Потом его лицо пропало. Я была почти что трезва, а смех Минус, донесшийся снаружи, отрезвил меня окончательно.
…Но мне только казалось. Просто я вдруг снова обрела свободу действий, меня не швыряло и не раскачивало из стороны в сторону, поэтому я и решила, что трезва. Правда, из палатки вылезла не там, где вход, а совсем непонятно как, потому что умудрилась уронить палатку.
Я крадучись шла к машине шефа. Машина была хорошо видна — как-никак белая ночь. Там говорили.
— Зачем, зачем тебе все это надо? — зло выкрикивал голос Клары.
— Оставь, это ничего не изменит, — голос шефа.
Я шагнула к машине:
— Валерик, мне надо тебе кое-что сказать.
— Да, Машенька, слушаю?
— Пусть уйдет эта.
— Уйди, — сказал шеф жестко.
Я прошла мимо Клары и даже не покачнулась.
— Валерик, ты меня любишь? — спросила я.
— Да, — с готовностью ответил он.
— Тогда едем!
— Куда?
— К тебе!
— Как, прямо сейчас?
— Да. Ты же сказал…
— Едем, — сказал он.
…Потом мы ехали…
Теперь я все понимаю про нашего шефа. Он — несчастнейший человек, хотя очень многие ему завидуют. Он далеко пошел и пойдет еще дальше, в этом я уверена. И все-таки он несчастнейший человек.
Жена его работала в школе учительницей и сбежала от него с каким-то одиннадцатиклассником. Говорят, шеф обещал ей все простить, лишь бы она вернулась, но она не вернулась.
…В общем, мы мчались. Он все порывался остановить машину, но я говорила: «Потом, потом, скорее» — и хохотала от восторга.
Годится? Годится. Лицо — что надо, плечи — тоже. Очки красивые, мужские. Мужчина в очках — здорово! И никаких проволочек, завтра же в ЗАГС. Жалко, во Дворец нельзя, он разведен. Мама будет в восторге. Кандидат наук. Надо же: я — и кандидат наук. Хорошо, ну а потом? Когда женятся — вместе спят.
— Храпишь по ночам? — спросила я.
— Нет! — радостно отозвался он.
…— Открой, — умоляюще говорил шеф из-за двери.
Дело в том, что мне удалось запереться в комнате, когда он вышел на кухню. Этот дурак додумался закрыть входную дверь на какие-то сложные замки, и из квартиры мне было уже не удрать. Когда я хотела все же попытаться открыть эти замки, он оттащил меня от двери. Я двинула его локтем и разбила ему очки, поцарапала щеки. Пока он умывался, я закрылась в комнате.
— Открой…
Мне было его жалко, но вместе с тем он был мне невыносимо гадок. Может быть, потому еще он был мне так гадок, что я была виновата.

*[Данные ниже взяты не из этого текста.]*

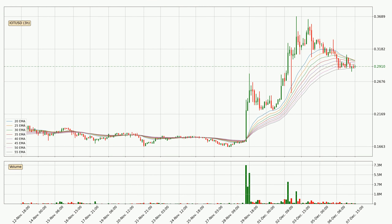Moving to the three hourly exponential moving averages, the current price is now in the three hourly ribbon. So you should see if the ribbon could hold support, currently at around 28.8 cents. However, the ribbon is compressed, which means the current trend is not very strong and a trend change could be expected.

— В конце концов я хочу спать, — скулил он.
— Спите на плите.
— Ты уродина, — сказал он. — Ха-ха! Она думала, что я на ней женюсь…

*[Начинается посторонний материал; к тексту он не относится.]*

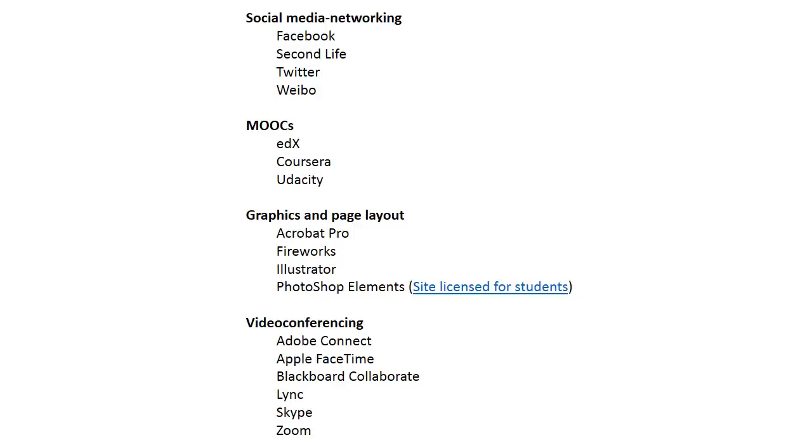MOOCs—massive online open courses—are a huge deal in higher education, offering a lot of courses for free for various reasons. The way to harness those, to organize those and create the learning communities, there's edX, Coursera, and Udacity that you might want to look at if you're going into higher ed.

— Я бы померла, а за вас не пошла!
— Почему бы это?
— Потому что вы…
Он перестал сопеть за дверью — он думал, что недослышал, что я сказала.
— Валерий Михалыч, выпустите меня, — сказала я.
— Так бы и дышала…
— Я просто зла на вас, что вы закрыли дверь. Это подло — закрывать дверь и прятать ключ.

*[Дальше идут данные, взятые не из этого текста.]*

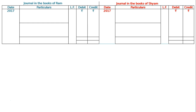The register has two pages — the left page and the right page. The left page is the journal in the books of Ram, and the right page is the journal in the books of Sam. The year is 2017.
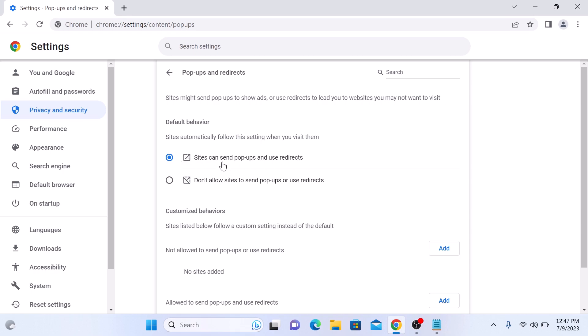To disable pop-ups on Google Chrome, simply check this option. Don't allow sites to send pop-ups or use redirects. This will disable pop-ups for all websites.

— Она говорит о подлости, а? Может, это не ты приставала ко мне сегодня весь день? Сама напросилась…
— Если б вы были мужчиной, вы бы этого не сказали.
— Сама баба…
— Откройте входную дверь, чтоб я слышала, и я уйду…
Я слышала, как лязгнул замок, скрипнула дверь. Я откинула крючок, вышла на кухню. И тогда я увидела его лицо… Лучше бы мне его не видеть! Я как-то сразу вдруг поняла, какая это подлость — бить его, беззащитного. Не был он ни в чем виноват. Разве что просто несчастлив, непроходимо несчастлив и обделен. Я была сейчас на сто лет старше его и даже подумала о том, что если когда-нибудь я смогу разлюбить Юльку, то… нет, ничего, кроме жалости…
— Я вас провожу, — сказал он устало.
— Нет. Не надо. И вообще — ничего не было. Мы напоролись на столб и вы поранились ветровым стеклом, ладно?